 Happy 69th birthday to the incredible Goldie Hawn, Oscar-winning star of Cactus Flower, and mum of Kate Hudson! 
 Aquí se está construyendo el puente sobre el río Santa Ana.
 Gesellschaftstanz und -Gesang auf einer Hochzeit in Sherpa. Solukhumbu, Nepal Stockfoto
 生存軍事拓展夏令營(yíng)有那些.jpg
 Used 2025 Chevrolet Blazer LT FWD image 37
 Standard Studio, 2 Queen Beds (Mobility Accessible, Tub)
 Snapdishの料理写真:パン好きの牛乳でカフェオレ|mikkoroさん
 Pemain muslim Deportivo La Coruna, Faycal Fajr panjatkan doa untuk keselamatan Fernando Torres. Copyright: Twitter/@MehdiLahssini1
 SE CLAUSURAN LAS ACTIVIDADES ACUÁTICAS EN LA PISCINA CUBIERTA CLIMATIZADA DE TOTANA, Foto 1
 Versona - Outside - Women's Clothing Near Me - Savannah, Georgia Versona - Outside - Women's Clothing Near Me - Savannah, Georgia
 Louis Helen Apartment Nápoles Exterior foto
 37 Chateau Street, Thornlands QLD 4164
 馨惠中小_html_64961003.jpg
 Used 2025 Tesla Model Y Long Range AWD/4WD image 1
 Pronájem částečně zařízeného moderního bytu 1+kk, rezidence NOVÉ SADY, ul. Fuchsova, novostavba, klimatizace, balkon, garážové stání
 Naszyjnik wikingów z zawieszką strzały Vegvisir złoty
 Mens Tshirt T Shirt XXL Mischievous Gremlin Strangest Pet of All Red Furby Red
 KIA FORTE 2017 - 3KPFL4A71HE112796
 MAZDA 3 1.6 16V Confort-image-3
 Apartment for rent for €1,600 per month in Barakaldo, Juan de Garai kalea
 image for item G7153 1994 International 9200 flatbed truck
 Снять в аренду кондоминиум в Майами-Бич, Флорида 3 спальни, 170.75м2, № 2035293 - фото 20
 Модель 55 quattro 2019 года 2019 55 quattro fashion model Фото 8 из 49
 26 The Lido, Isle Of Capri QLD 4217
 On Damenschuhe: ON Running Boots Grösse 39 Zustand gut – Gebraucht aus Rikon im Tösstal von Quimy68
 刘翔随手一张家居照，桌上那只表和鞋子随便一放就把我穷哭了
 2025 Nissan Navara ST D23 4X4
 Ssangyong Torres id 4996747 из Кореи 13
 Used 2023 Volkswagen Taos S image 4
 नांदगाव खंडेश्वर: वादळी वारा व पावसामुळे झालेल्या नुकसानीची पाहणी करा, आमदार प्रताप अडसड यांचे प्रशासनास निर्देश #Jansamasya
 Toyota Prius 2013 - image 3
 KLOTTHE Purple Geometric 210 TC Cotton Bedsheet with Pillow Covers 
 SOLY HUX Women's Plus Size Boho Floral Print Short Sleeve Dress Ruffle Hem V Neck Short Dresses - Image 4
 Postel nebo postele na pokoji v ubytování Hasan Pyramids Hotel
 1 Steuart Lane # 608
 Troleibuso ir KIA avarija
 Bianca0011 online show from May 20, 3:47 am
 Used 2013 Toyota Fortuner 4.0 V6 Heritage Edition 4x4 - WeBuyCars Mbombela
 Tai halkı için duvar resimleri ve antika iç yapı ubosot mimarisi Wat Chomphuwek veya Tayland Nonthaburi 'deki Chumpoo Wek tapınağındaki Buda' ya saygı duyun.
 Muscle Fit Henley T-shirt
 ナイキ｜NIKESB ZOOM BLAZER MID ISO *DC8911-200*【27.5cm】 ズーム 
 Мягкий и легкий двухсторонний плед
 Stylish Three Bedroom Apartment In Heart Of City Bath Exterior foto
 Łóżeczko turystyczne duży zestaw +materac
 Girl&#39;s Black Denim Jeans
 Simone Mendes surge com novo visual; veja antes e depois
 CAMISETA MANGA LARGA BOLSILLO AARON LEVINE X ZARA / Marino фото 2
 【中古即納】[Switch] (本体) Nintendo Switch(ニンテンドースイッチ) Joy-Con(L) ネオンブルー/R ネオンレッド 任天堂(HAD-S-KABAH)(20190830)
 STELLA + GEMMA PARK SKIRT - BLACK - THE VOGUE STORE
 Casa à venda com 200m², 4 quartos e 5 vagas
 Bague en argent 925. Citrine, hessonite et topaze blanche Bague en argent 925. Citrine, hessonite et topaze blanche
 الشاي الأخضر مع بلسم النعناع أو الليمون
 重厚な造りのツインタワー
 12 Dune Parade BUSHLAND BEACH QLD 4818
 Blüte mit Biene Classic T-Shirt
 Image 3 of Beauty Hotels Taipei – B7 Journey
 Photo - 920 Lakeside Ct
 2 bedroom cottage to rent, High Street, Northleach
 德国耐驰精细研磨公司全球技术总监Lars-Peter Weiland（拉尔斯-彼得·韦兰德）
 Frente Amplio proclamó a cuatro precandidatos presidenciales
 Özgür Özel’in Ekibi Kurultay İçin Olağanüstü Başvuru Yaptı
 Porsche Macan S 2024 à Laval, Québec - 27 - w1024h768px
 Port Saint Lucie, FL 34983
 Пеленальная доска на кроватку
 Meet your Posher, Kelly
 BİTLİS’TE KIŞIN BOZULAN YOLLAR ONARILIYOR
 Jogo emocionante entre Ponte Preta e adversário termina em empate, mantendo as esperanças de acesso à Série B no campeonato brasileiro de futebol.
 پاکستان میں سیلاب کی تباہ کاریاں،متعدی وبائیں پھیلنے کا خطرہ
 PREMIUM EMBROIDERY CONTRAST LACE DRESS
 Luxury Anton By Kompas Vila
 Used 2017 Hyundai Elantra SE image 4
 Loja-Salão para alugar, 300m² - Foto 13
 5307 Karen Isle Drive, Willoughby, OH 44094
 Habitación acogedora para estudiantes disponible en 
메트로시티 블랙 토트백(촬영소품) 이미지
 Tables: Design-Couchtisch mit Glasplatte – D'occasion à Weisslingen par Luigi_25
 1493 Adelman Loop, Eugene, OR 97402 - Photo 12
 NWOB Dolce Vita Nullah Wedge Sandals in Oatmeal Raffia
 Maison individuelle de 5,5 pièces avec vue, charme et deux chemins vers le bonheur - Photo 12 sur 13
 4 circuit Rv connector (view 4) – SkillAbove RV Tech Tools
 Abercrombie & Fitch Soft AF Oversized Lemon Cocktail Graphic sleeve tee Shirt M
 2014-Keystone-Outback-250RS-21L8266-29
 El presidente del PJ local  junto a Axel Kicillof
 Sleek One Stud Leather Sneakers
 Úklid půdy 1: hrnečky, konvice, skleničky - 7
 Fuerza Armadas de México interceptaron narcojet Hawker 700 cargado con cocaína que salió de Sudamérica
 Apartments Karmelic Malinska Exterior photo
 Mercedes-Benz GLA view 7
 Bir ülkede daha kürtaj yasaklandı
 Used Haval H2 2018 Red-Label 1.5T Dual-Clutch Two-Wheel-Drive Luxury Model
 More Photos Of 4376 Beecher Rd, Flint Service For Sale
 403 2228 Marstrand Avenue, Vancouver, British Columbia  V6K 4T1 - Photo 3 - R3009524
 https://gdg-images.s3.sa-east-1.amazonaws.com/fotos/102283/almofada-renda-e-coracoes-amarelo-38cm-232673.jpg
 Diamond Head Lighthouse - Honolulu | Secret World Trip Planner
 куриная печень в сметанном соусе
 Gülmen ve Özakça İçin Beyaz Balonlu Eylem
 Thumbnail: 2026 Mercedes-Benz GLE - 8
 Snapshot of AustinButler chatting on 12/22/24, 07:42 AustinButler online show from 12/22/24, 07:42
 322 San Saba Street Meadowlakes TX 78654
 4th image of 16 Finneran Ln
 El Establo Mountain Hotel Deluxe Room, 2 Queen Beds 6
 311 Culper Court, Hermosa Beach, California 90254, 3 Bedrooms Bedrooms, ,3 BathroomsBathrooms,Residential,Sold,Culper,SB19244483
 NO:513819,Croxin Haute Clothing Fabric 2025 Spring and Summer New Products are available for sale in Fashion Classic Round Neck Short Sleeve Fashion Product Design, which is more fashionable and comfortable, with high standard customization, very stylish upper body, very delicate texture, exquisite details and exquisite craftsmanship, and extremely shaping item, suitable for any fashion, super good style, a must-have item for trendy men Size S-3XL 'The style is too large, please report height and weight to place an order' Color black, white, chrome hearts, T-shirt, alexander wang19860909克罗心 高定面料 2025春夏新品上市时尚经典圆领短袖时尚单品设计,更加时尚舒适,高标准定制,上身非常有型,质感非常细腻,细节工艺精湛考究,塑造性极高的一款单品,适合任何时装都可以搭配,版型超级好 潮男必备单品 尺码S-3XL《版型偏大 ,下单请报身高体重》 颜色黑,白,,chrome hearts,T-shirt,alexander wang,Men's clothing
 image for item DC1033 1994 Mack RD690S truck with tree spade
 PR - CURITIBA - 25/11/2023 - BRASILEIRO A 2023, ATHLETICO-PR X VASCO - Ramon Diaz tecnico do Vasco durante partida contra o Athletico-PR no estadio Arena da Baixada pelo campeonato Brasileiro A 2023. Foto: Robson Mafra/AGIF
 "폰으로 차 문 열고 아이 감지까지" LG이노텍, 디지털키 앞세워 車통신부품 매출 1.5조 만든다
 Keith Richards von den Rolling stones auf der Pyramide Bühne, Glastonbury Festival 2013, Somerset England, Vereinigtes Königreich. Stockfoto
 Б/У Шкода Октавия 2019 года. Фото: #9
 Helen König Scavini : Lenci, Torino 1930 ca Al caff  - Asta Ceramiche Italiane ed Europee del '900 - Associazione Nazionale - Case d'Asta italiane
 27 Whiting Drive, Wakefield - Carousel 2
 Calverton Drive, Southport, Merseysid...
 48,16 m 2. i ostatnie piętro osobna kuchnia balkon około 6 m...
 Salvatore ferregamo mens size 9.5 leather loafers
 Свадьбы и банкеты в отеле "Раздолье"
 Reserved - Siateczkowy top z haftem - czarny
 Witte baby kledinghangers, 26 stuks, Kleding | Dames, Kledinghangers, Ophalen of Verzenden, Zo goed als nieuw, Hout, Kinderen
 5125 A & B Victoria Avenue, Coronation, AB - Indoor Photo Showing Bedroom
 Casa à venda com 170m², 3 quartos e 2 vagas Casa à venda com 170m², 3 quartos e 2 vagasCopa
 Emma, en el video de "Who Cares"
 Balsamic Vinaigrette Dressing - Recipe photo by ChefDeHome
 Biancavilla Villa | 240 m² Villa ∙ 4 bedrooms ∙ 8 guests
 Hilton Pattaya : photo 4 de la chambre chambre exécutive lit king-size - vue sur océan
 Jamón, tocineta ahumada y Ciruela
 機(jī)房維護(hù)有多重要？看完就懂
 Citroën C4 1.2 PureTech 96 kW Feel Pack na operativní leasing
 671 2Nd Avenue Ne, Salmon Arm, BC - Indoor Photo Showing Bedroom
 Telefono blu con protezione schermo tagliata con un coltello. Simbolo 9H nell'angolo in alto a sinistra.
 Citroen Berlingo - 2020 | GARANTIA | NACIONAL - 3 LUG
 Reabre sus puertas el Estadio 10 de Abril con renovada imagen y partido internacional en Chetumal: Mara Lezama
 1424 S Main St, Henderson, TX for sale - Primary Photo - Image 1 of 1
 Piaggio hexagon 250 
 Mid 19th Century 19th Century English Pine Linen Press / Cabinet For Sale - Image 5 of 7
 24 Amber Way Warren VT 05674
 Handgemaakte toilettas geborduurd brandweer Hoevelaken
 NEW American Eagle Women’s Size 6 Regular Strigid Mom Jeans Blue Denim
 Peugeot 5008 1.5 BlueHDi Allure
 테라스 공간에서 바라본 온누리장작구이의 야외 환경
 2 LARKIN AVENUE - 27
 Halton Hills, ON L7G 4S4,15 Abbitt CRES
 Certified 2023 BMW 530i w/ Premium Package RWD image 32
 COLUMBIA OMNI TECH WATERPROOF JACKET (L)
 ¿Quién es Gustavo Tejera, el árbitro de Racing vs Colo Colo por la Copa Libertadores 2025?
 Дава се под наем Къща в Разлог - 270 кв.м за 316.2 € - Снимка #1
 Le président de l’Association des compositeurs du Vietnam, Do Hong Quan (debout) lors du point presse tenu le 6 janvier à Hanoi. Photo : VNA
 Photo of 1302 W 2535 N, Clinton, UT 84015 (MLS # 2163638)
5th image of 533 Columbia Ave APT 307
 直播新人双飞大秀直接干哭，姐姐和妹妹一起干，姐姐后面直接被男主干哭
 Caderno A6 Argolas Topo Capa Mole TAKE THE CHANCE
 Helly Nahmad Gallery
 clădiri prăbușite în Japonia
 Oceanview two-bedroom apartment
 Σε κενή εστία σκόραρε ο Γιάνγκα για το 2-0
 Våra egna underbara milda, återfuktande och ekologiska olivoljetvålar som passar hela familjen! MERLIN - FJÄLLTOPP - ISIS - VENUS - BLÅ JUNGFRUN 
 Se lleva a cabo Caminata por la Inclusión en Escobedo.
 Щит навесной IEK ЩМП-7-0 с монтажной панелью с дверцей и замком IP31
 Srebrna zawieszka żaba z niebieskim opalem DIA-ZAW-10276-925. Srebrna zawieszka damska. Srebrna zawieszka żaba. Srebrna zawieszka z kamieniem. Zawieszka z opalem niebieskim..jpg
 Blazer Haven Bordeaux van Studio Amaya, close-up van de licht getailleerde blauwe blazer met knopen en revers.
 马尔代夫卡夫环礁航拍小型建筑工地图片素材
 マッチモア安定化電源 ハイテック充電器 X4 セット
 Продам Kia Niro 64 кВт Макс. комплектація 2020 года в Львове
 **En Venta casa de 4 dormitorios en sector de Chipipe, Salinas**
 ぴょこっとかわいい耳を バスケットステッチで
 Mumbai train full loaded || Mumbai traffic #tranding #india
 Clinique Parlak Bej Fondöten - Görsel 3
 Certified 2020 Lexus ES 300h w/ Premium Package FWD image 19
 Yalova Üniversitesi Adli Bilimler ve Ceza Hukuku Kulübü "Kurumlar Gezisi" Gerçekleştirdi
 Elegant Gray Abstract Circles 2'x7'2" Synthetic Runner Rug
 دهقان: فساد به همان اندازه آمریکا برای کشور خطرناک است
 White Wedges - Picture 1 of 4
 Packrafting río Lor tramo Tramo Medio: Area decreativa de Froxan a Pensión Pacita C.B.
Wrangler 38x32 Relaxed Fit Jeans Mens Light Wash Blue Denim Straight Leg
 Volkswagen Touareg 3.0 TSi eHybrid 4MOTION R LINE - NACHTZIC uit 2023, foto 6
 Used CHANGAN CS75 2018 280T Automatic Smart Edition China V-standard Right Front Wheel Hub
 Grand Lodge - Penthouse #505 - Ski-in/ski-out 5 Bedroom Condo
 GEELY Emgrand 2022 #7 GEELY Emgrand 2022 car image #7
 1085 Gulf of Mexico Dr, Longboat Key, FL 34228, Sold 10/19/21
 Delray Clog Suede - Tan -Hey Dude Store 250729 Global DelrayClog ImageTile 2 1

————

◆ Problem requirements: Leaving out every line before the one with "دهقان: فساد به", print the rest of the listing above exactly, through its final line.

◆ Expected answer:
 دهقان: فساد به همان اندازه آمریکا برای کشور خطرناک است
 White Wedges - Picture 1 of 4
 Packrafting río Lor tramo Tramo Medio: Area decreativa de Froxan a Pensión Pacita C.B.
Wrangler 38x32 Relaxed Fit Jeans Mens Light Wash Blue Denim Straight Leg
 Volkswagen Touareg 3.0 TSi eHybrid 4MOTION R LINE - NACHTZIC uit 2023, foto 6
 Used CHANGAN CS75 2018 280T Automatic Smart Edition China V-standard Right Front Wheel Hub
 Grand Lodge - Penthouse #505 - Ski-in/ski-out 5 Bedroom Condo
 GEELY Emgrand 2022 #7 GEELY Emgrand 2022 car image #7
 1085 Gulf of Mexico Dr, Longboat Key, FL 34228, Sold 10/19/21
 Delray Clog Suede - Tan -Hey Dude Store 250729 Global DelrayClog ImageTile 2 1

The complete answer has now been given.